▸ **What is needed**
Once the line holding "Jasprit Bumrah Receives" is found in the entries below, transcribe exactly every line up to and including the one holding "Hotel Ruzek Hranice", but leave out the pictures.

▸ **The data**
%%
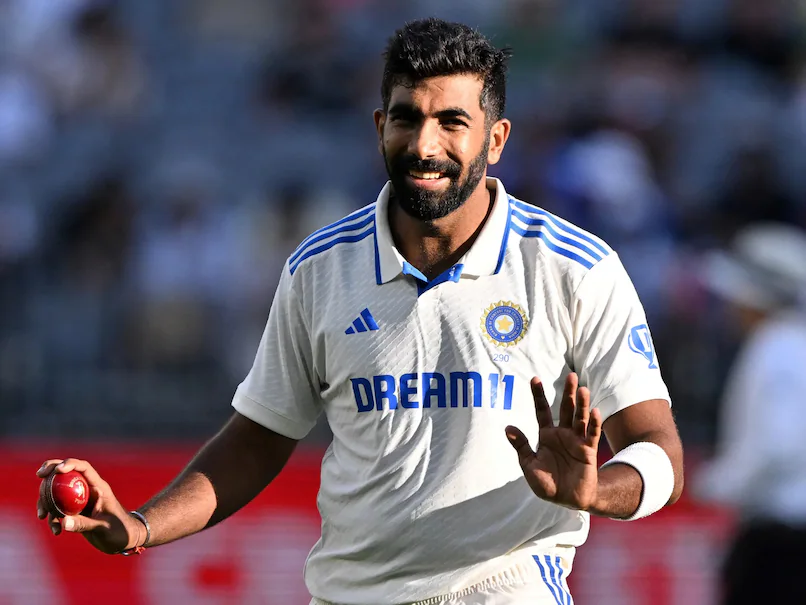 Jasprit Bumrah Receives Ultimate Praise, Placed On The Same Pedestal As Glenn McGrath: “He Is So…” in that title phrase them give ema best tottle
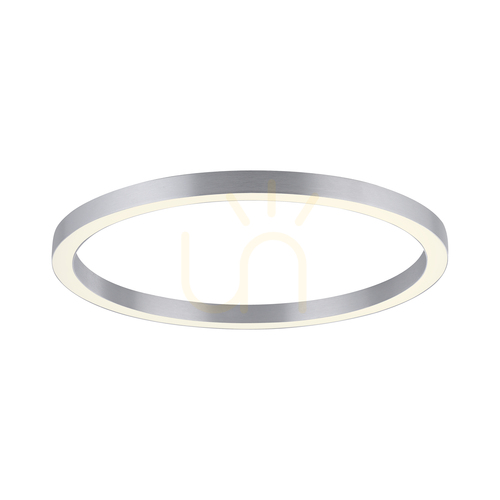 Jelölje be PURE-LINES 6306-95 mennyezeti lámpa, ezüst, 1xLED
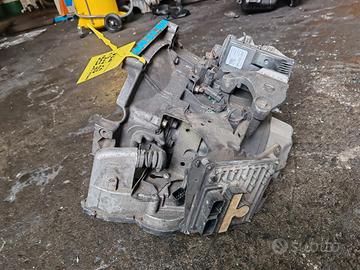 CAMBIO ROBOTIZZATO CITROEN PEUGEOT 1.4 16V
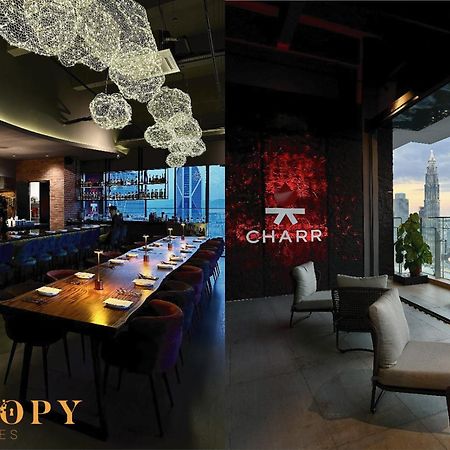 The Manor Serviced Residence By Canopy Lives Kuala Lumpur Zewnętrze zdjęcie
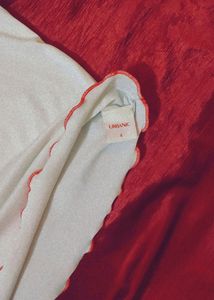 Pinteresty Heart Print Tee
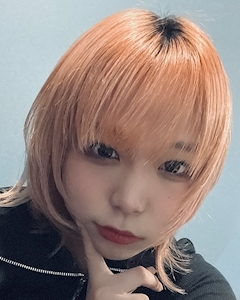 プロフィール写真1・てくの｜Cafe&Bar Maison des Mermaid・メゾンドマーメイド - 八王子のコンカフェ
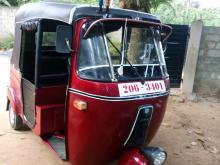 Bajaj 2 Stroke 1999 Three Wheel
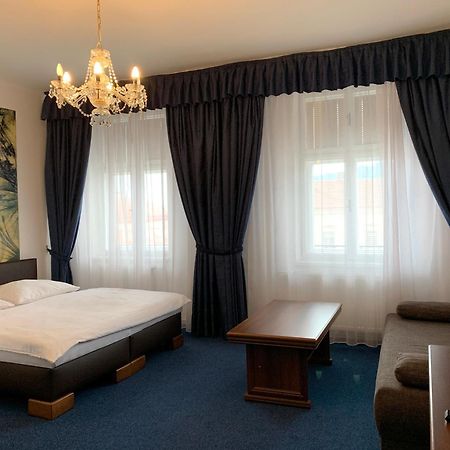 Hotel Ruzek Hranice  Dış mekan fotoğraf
%%
%%
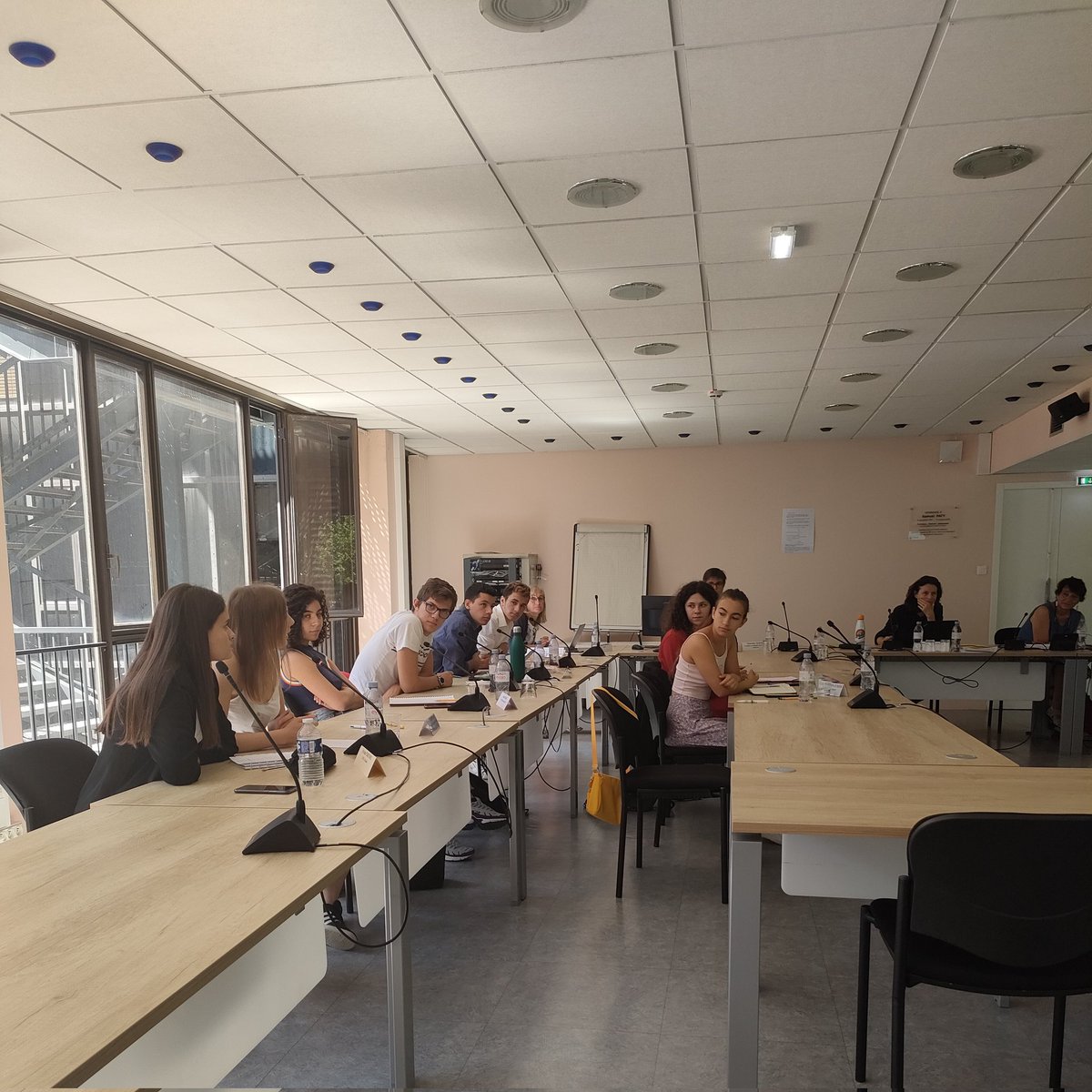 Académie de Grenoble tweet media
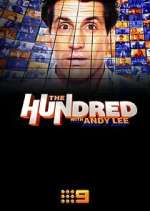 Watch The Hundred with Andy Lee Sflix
%%
▸ **Written solution**
 Jasprit Bumrah Receives Ultimate Praise, Placed On The Same Pedestal As Glenn McGrath: “He Is So…” in that title phrase them give ema best tottle
 Jelölje be PURE-LINES 6306-95 mennyezeti lámpa, ezüst, 1xLED
 CAMBIO ROBOTIZZATO CITROEN PEUGEOT 1.4 16V
 The Manor Serviced Residence By Canopy Lives Kuala Lumpur Zewnętrze zdjęcie
 Pinteresty Heart Print Tee
 プロフィール写真1・てくの｜Cafe&Bar Maison des Mermaid・メゾンドマーメイド - 八王子のコンカフェ
 Bajaj 2 Stroke 1999 Three Wheel
 Hotel Ruzek Hranice  Dış mekan fotoğraf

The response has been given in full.